WORK TO COMPLETE: For this exercise, retype the lines from the one that holds "TUMI Alpha Triple" through the one that holds "Александр, 39 лет" in the records below, both included, exactly and without pictures.

Pictures with short captions:

________________________

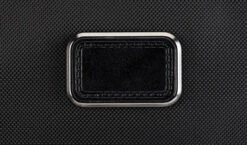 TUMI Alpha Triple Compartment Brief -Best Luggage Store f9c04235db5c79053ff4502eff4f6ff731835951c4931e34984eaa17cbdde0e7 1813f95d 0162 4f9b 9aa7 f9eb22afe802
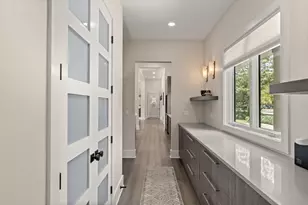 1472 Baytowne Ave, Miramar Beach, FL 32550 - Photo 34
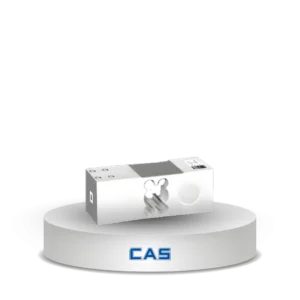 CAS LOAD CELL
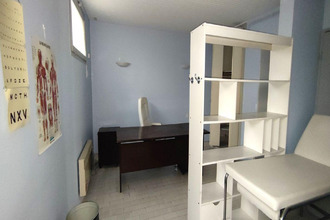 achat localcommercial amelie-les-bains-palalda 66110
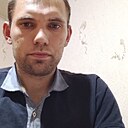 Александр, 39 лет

________________________

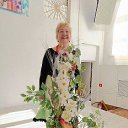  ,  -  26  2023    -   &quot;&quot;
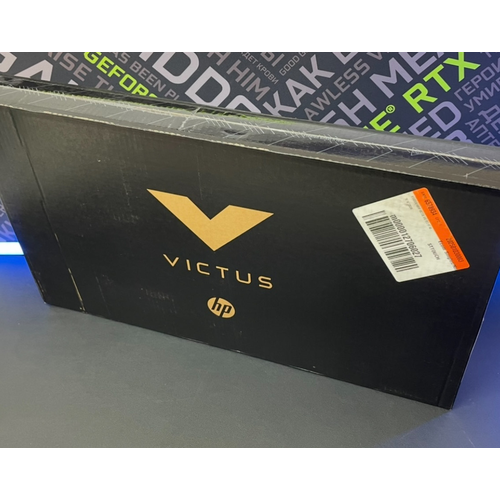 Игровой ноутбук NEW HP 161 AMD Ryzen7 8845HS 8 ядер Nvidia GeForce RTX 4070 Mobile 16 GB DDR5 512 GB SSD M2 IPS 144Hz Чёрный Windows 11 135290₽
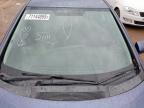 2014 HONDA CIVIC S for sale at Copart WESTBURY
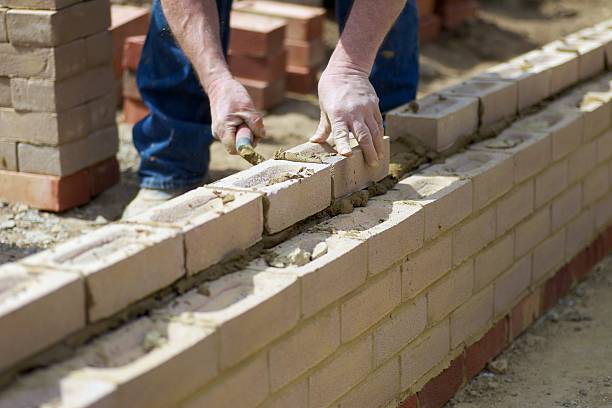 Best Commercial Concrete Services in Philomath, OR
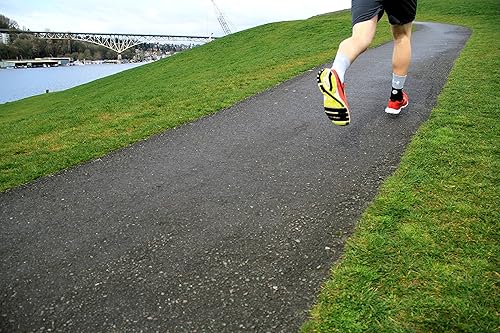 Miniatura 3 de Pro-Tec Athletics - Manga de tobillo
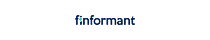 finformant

________________________

TASK RESULT:
 TUMI Alpha Triple Compartment Brief -Best Luggage Store f9c04235db5c79053ff4502eff4f6ff731835951c4931e34984eaa17cbdde0e7 1813f95d 0162 4f9b 9aa7 f9eb22afe802
 1472 Baytowne Ave, Miramar Beach, FL 32550 - Photo 34
 CAS LOAD CELL
 achat localcommercial amelie-les-bains-palalda 66110
 Александр, 39 лет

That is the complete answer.